HAYDN Symphony 103. Theresienmesse
View record and artist detailsRecord and Artist Details
Genre:
Vocal
Label: Coro
Magazine Review Date: AW22
Media Format: CD or Download
Media Runtime: 74
Mastering:
DDD
Catalogue Number: COR16192

Tracks:
Composition | Artist Credit |
---|---|
Symphony No. 103, 'Drumroll' |
Joseph Haydn, Composer
Handel and Haydn Society Chorus Handel and Haydn Society Orchestra Harry Christophers, Conductor |
Mass No. 12, 'Theresienmesse' |
Joseph Haydn, Composer
Catherine Wyn-Rogers, Mezzo soprano Handel and Haydn Society Chorus Handel and Haydn Society Orchestra Harry Christophers, Conductor Jeremy Budd, Tenor Mary Bevan, Soprano Sumner Thompson, Baritone |
Author: David Threasher
Harry Christophers continues his exploration of Haydn’s late music with a pairing of the penultimate symphony and antepenultimate Mass. The Theresienmesse especially suits this orchestra’s sound, which is a touch softer-grained than some other period-instrument groups. The highest woodwind instruments are a pair of clarinets, giving the work a unique sonic profile without the cut-through of the Harmoniemesse’s flute and oboes or the Nelson Mass’s triple trumpets and prominent organ.
The Drumroll Symphony, too, is given a performance that majors on a chamber-like intimacy, in contrast to the outgoing theatricality of a reading such as Marc Minkowski’s with Les Musiciens du Louvre.
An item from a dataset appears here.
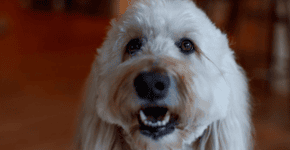 Foto: (Reprodução/PetSmart Paws for Hope Canine Therapy Program)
Minkowski also drives the music somewhat harder, whereas Christophers’s conception is more relaxed, locating the urbanity of this wonderful symphony but missing out, perhaps, on the subversive wit with which Haydn at the height of his powers was able to invest his entertainment music.
The Mass is as enjoyable on the recording as it must have been in concert at Boston’s Symphony Hall as recently as January. The four big-voiced soloists bring character to their parts and the H+H chorus operate as a well-drilled unit. Instrumental balance is not fully ideal, with the all-important clarinets sometimes a subdued presence, and recordings planned for the studio rather than the concert hall might be considered to exhibit more imaginative shaping and phrasing in places. Trevor Pinnock’s 1992 recording was long considered standard among period-instrument performances but the spacious Chandos sound of Richard Hickox’s Collegium Musicum 90, recorded just a few years later, imparts something extra-special to the Theresienmesse.